Зрителю явлено чувство абсолютной свободы словно на кончике нерва, нерва времени, современности, и эта болевая заостренность эмоций становится камертоном бытия — в объеме и объятии общечеловеческой жизни. Из зеркала взят ведущий визуальный лейтмотив постановки: отражающее удвоение. Герой трактуется как расщепленное состояние двух половинок, лицо и личина, суть и оболочка, кожа и отражение кожи, начальный период жизни и заключительный. Вот почему так органично смотрится Онегин из двух отражений: молодой (Виктор Добронравов) и умудренный (Сергей Маковецкий). Так же ось симметрии рассекает драматическое единство события, на со-Бытие Онегина и Ленского, в зеркале действия: персонажи, разные возрастные градации, порции отражений самих себя в прошлом и зеркало целиком, отражающее все и всех. Или наоборот – Людмила Максакова играет сразу несколько образов — от пластического (Танцмейстер) к воспитательному (Няня), затем и смертельному инферно (некая демоническая сила, уводящая персонажей в никуда). Сами два действия спектакля как зеркальное перекрестие полюсов плюса и минуса — искренность Татьяниных чувств и равнодушие Онегина в первой ипостаси и смена полярности ролей и чувств во втором. Здесь еще один пасс симметрии: от деревенского уклада и милой искренности к столичной жизни с ее искусственными церемониями и отношениями. И заключительные сцены — рука Татьяны (Евгения Крегжде) у сердца при чтении письма, когда только резкий поворот головы выдает ее чувства, и финальный безвольный танец с огромным медведем, (на этот раз нечто вроде эффекта увеличения в вогнутом зеркале) танец во сне, в пучине снежной бури и метели.

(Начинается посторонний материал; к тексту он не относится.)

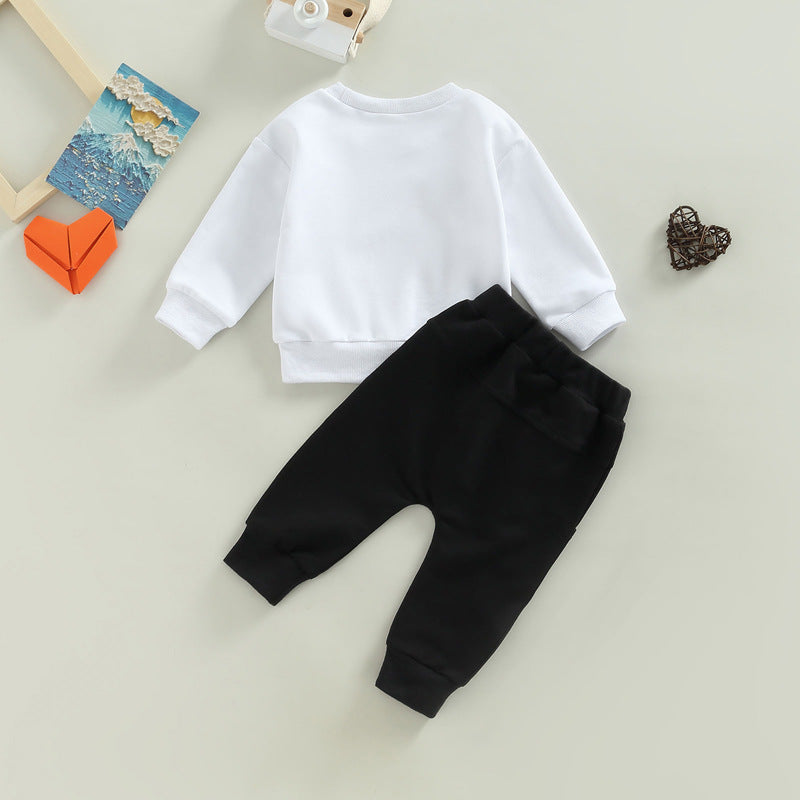 Autumn And Winter Boys Long-sleeved Sweater Lace-up Trousers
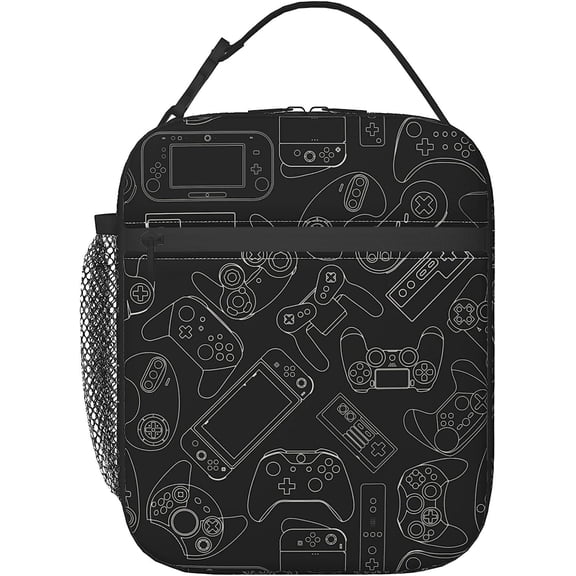 Video Game Controller Insulated Lunch Bag - Reusable Lunch Box For Boys Girls - Portable Lunchbox Tote For Women Men and Kids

Казалось бы, внешне банальность суммы знаков — от просторов, дорог, шинелей, плясовых, медведей, однако взятые на едином эмоциональном дыхании вкупе в единстве режиссерского почерка дают глубинное прочтение. Римас Туминас испытывает к снегу какую-то особенную влюбленность, который для него лишен жестких ассоциаций с морозом и льдом, для него снег – это скорее поэзия, в духе той волшебной луны из шекспировского «Сна в летнюю ночь». У Шекспира луна включает и радеет пертурбациям волшебства и превращений, а у Туминаса снег опекает душевное умонастроение героев слитых с моральной музыкой души: он (по формуле поэта: «нас всех объединяет снег своей связующей прямою») как знаковая символика разбитого отражения, одномоментный знак и мимолетного и вечного, сонмы порхающих снежинок, вальсируя, становятся то просто снегом, засыпая, пеленая и укрывая все, то белоснежным саваном погребая. Где Прошлое вроде бы как сон, отражение, призрак, но оно — твоя нынешняя судьба, которую ты написал сам.

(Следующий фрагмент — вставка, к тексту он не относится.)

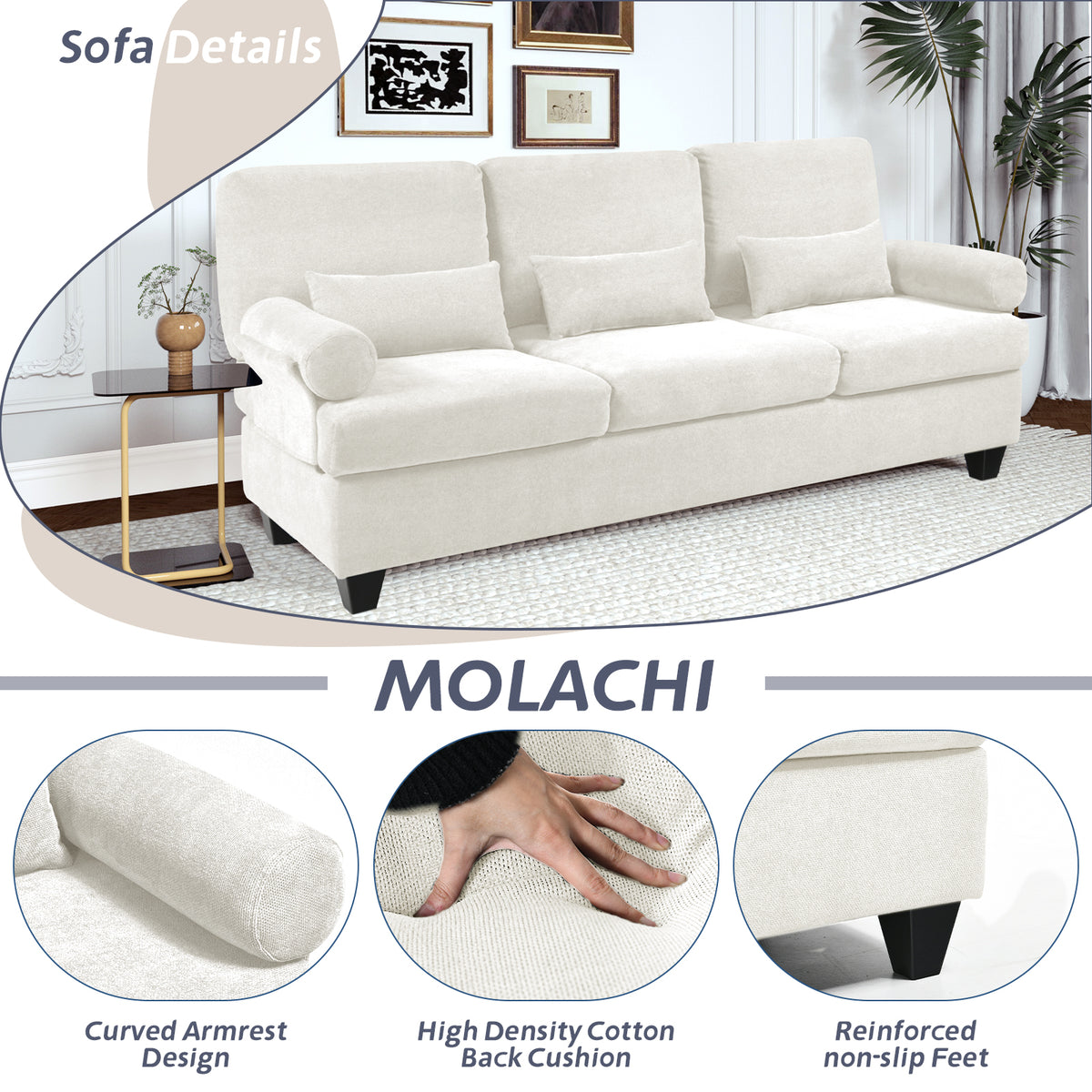 82" 3-seat Deep Seat Sofa with 3 Soft Pillows L600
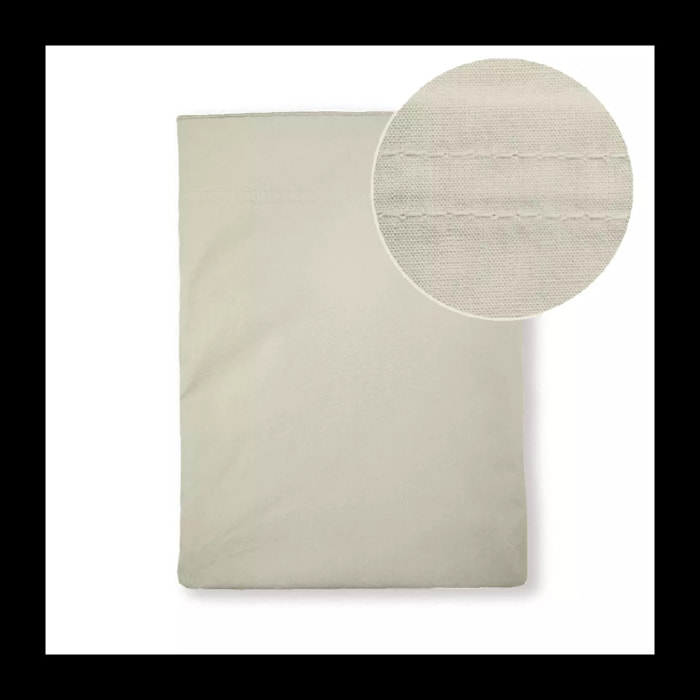 Drap plat percale de coton uni ecru La percale francaise blanc casse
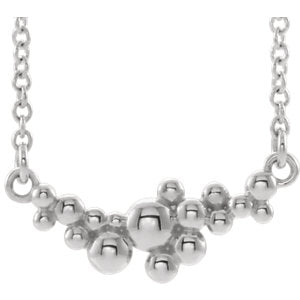Sterling Silver Scattered Bead 16" Necklace - Siddiqui Jewelers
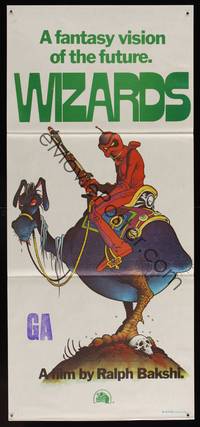 8c346 WIZARDS Aust daybill '77 Ralph Bakshi directed animation, cool fantasy art by William Stout!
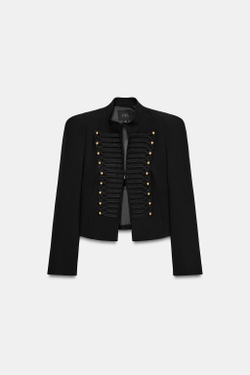 ZARA ПРИТАЛЕННЫЙ БЛЕЙЗЕР С ПОДПЛЕЧНИКАМИ, ЧЕРНЫЙ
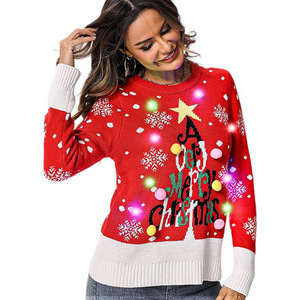 2026 nouveau KJ Oem/Odm usine en gros personnalisé doux coton et acrylique Jacquard motif famille Led <span class=keywords><strong>pull</strong></span> de noël - Product Image 4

Совсем иным увидел мир Юрий Бутусов, его работа «Добрый человек из Сезуана» о двух полюсах человеческой сущности — добре и зле, которые срослись и стали неразличимы, которые не могут существовать вне другого, о шатком равновесии и несправедливости с необъятным пожирающем дном жизни.
Вот на наш взгляд удивительный пример правильно понятой злободневности.
Злоба дня это всего лишь трагический ракурс вечности, а не сценический фельетон про плохое руководство и не ту Думу. У Театра нет газетной природы первой полосы и даже комментария. (Кто-то из литературоведов отметил, что Лев Толстой с Романовыми не ругался. По характеру высказывания театр «похож» на Льва Николаевича, не к лицу ему переругиваться). Вот почему пьеса Брехта сохранила всю силу всегдашней актуальности зла.
Эта притча, бьющая наотмашь, рваная и выматывающая, беспощадно вырывающая сентиментальные струны души, однако успевающая оросить слезами и кристаллизоваться солью боли. Немощь богов сотворить добро вызывает человеческий бунт, рождая непримиримых борцов. Два пластических рисунка актрисы Александры Урсуляк в ролях Шен Те и Шуй Та — мужской и женский завораживают невероятной органикой, в которой сокрыты словно в «матрешке» любовь, нежность, ранимость и все это цементируется броней зла: только так, оказывается, можно сохранить человеческое лицо. Что ж, подобное противоречие способно вырвать лишь ярость проклятий и внутреннее сопротивление, рвущееся наружу. Срастание добра и зла в одно, придают постановке черты хирургической пластической операции. Стыки подчеркнуты. Швы подведены гримом. Зло встраивается в пластику добра подобно тому, как пластический хирург вшивает силикон в обвисшую ткань. Из вивисекции сюжета о роковых близнецах делается завораживающее зрелище.
Зонги на немецком языке задают темпоритм, тональность спектакля — жесткий аскетизм без мелодраматизма; «капающий» мелодизм припева, словно расширяет вненациональную среду, одновременно отстраняясь от конкретики. Здесь одеяло словно шинель «маленького человека» И агонизирующий финал-крик «Помогите!» как приговор миру — «божественные» задачи невозможно выполнить человеку.
Спектакли по пьесам Б. Брехта в этом сезоне оказались заметными постановками на московской сцене – показательны годы написания поставленных его работ (1934-1938, 1940, 1941). На его творчество обратил внимание и Московский Театр-Студия п/р О. Табакова («Страх и нищета в Третьей Империи»; реж. Александр Корученков). Оказалось, что Брехт не так прямолинейно однозначен, как традиционно привыкли его воспринимать, что его можно «перевести» в иной, другой жанр: психологической драмы, любовной мелодрамы, комедии положений… «Страх и нищета в Третьей Империи» показывают как страх разъедает вначале одну человеческую сущность, а далее эта кислота вытравляет все связи общества, оставляя только животный инстинкт самосохранения. Из двадцати четырёх эпизодов пьесы выбрано пять сцен. Одна из них – «Правосудие» с блестящей ролью Судьи (Александр Семчев), пожалуй, лучшей в сезоне актерской ролью второго плана, с точнейшей психологической партитурой смятения героя при выборе приговора по «скользкому» делу, – просто актуальнейшая сценическая публицистика. И досадно, что последняя часть («Нагорная проповедь») нивелировала предыдущие сцены о разрывающемся внутреннем мире человечества перед опасностью, переведя раскаленное напряжение в назидательность и театрализованный пафос.
Брехт стал своеобразной чашкой Петри, каковую используют биологи для опытов над живой материей. В этом сочетании микроскопа и биомассы, которой манипулирует некое Инкогнито, стало тревожной данностью сегодняшнего дня.